Rumor Review
Misleading memes and engagement bait
This week’s selection of viral rumors includes common subjects: celebrities, photos from space and frightening content as engagement bait.
NO: LeBron James did not say he didn’t want anything to do with white people. YES: In the first episode of the HBO show The Shop in 2018, James shared that he was initially wary of white people at his predominantly white Catholic high school in Akron, Ohio. YES: In telling this story on The Shop, James said [link warning: profanity], “when I first went to the ninth grade … I was so institutionalized, growing up in the hood, it’s like … they don’t want us to succeed … so I’m like, I’m going to this school to play ball, and that’s it. I don’t want nothing to do with white people. I don’t believe that they want anything to do with me.” YES: The conversation went on to clarify that these initial feelings soon changed as sports and basketball created friendships.
Note: This misleading quote has gone viral several times before.
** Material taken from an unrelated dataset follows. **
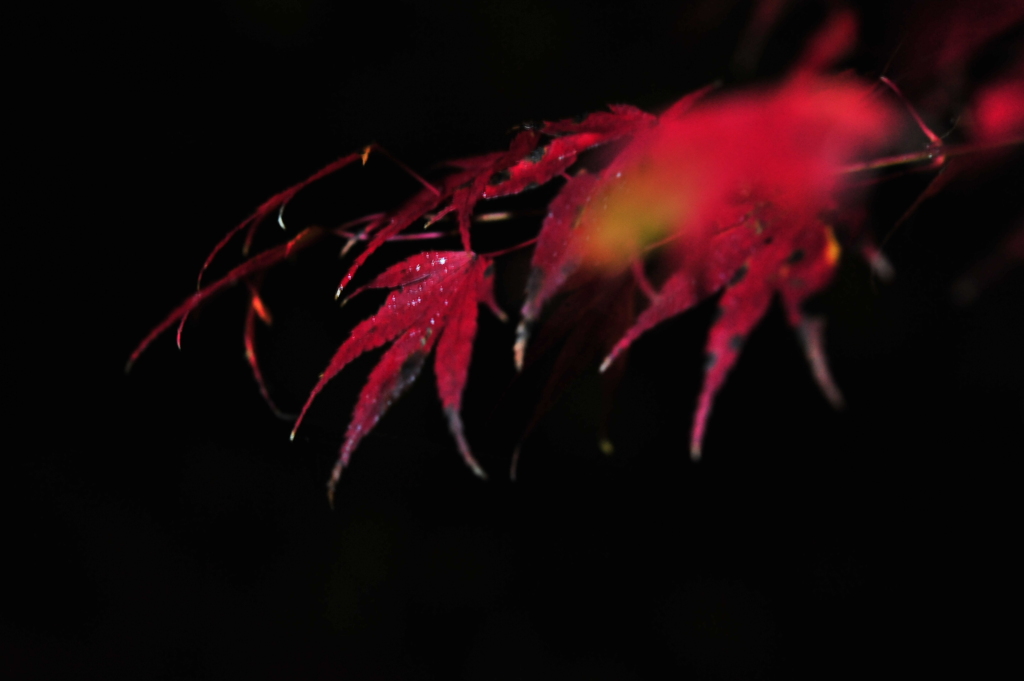 紅線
It recently recirculated after James tweeted a photo of a police officer who was identified as firing the shots that killed Ma’Khia Bryant in Columbus, Ohio, on April 20, along with the message “YOU’RE NEXT #ACCOUNTABILITY.” James later deleted the tweet.
Related:
- “Did Lebron James Say He Wants Nothing To Do With White People?” (Dan Evon, Snopes).
- “Viral image uses doctored photo to paint LeBron James as pro-China” (Andy Nguyen, PolitiFact).
NO: This is not a photo of Saturn. YES: It’s an artistic rendering of the imagined view from the Cassini spacecraft during one of its final, close passes over Saturn in 2017.
Tip: Fake or doctored photos supposedly from space are a common type of “engagement bait” online.
Resource: Reverse image search tutorial (NLP’s Checkology® virtual classroom).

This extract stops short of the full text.